# Animal Crossing New Leaf Isometric House Planner!



## SodaDog (May 16, 2013)

I made this myself.
The RED dots Lead to the SECOND FLOOR.
The *BLUE dots* lead to the BASEMENT.
The Grey rectangles are the room exits or the landings.

Here is an Example





SSorry for the huge image.....
DOWNLOAD: http://efshare.com/?s=BY97R7


----------



## Jinglefruit (May 16, 2013)

Good idea for people who want to plan their home design out. - Though I normally just chuck stuff about and see how it unfolds.

Just want to point out the side rooms attach on the second and third square up (and I'm pretty sure you don't get a choice), not the first and second. - so items placed in the corners of the room aren't in the way of the entrance.


----------



## Sleepy (May 16, 2013)

You put a lot of work into this, nice! Seems very organized. I agree with the above post, I find it fun just to throw stuff out there and see what works. But that is a really cool planner, could be extremely useful. Good luck with your house!


----------



## New leaf 180 (May 16, 2013)

I going to use the remake color furniture as well because the colors are top notch amazing!!


----------



## Nooblord (May 16, 2013)

Lol, I already designed most of my rooms on Colors! 3D.


----------



## Pokeking (May 16, 2013)

I was doing the same on lined paper at lunch and excel at home.
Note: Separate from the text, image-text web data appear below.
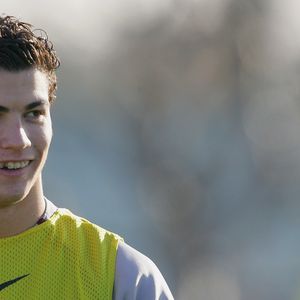 Cristiano Ronaldo usou aparelho por um bom tempo para corrigir a retração do dente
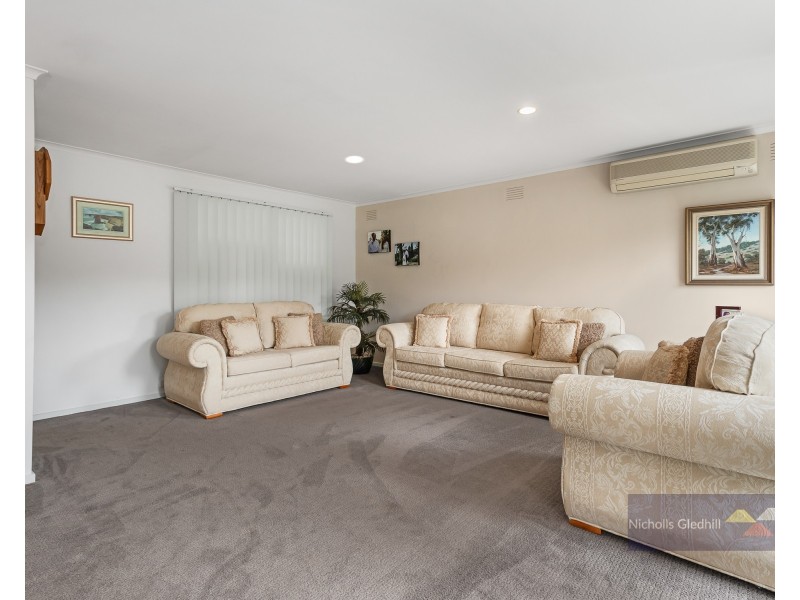 6 Tasman Place, Endeavour Hills VIC 3802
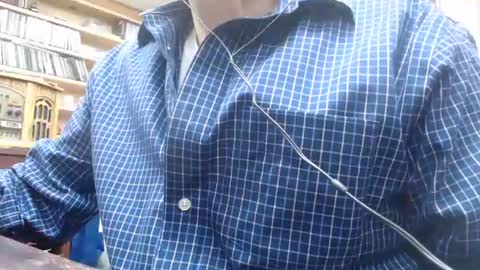 Snapshot of hardbuns chatting on December 23, 2024, 4:17 pm Brad online show from December 23, 2024, 4:17 pm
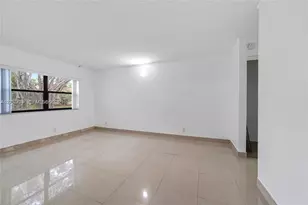 200 Lakeview Dr, Weston, FL 33326 - Photo 23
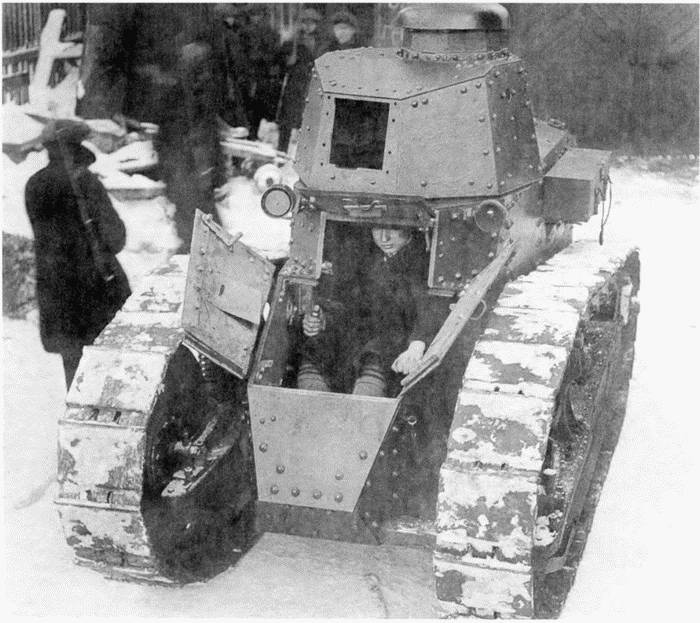 Иллюстрация к книге — Танк №1 &quot;Рено ФТ-17&quot;. Первый, легендарный [i_074.jpg]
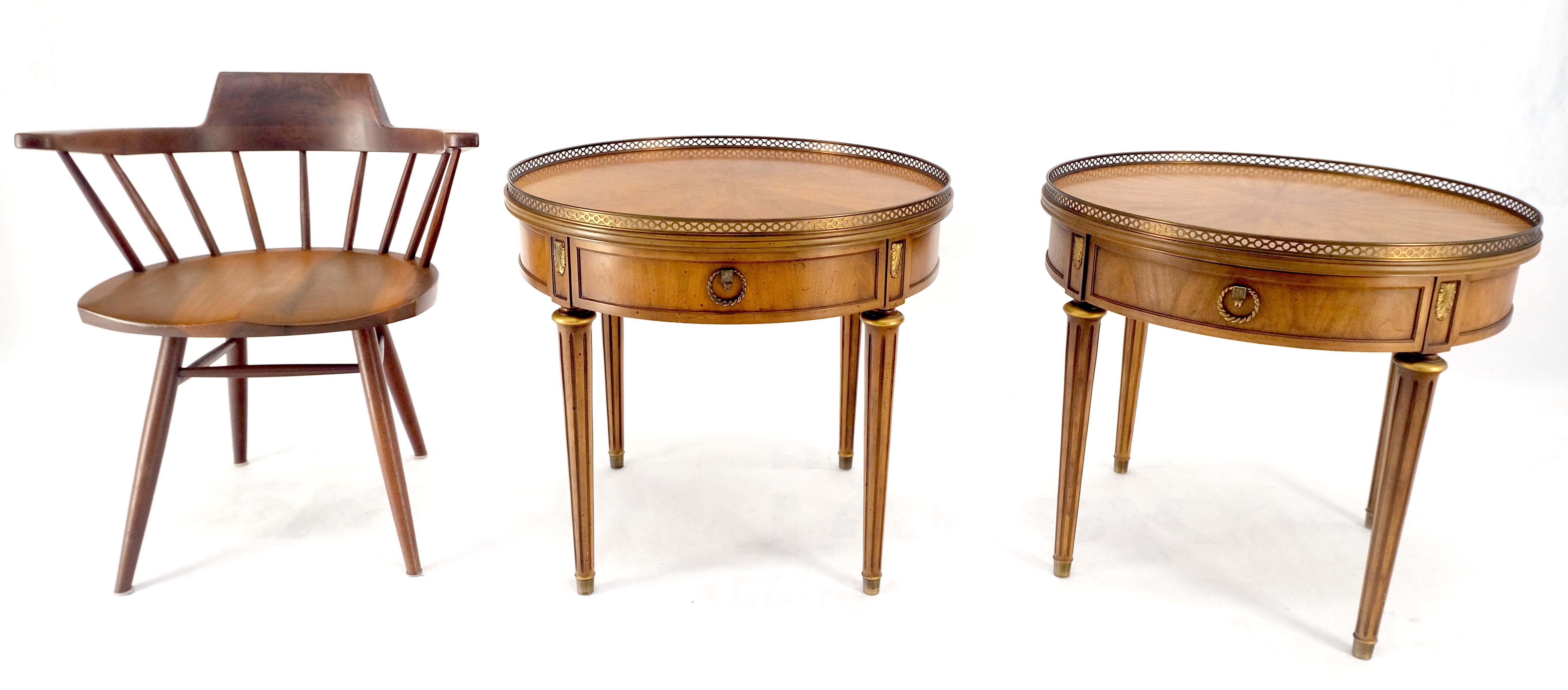 Paire de tables d'appoint à un tiroir avec tambour rond et lumière en noyer et laiton Gallery End Side Lamp Stand en vente 6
There are a couple of characters that I swapped out furniture groupings.


----------



## CHR:)S (May 16, 2013)

cool thank u!!!!


----------



## SodaDog (May 17, 2013)

Jinglefruit said:


> Good idea for people who want to plan their home design out. - Though I normally just chuck stuff about and see how it unfolds.
> 
> Just want to point out the side rooms attach on the second and third square up (and I'm pretty sure you don't get a choice), not the first and second. - so items placed in the corners of the room aren't in the way of the entrance.



Thanks for the advice, it took forever to do!


----------



## WeiMoote (May 17, 2013)

I couldn't download it...


----------